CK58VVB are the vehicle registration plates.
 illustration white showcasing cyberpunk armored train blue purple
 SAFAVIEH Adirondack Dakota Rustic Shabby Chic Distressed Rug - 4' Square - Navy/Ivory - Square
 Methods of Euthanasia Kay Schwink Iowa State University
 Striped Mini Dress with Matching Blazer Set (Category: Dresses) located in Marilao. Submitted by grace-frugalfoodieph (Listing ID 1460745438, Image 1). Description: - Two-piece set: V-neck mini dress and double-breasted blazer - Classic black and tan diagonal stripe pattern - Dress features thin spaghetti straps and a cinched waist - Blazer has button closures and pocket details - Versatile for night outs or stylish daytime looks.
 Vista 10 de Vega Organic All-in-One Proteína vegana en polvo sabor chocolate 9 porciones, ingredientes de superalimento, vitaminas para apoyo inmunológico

^^^^

◆ **Your instructions**: Looking back over the data above, restate word for word the lines that begin at the line with "illustration white showcasing" and end at the line with "Methods of Euthanasia", inclusive.

◆ **Exercise response**:
 illustration white showcasing cyberpunk armored train blue purple
 SAFAVIEH Adirondack Dakota Rustic Shabby Chic Distressed Rug - 4' Square - Navy/Ivory - Square
 Methods of Euthanasia Kay Schwink Iowa State University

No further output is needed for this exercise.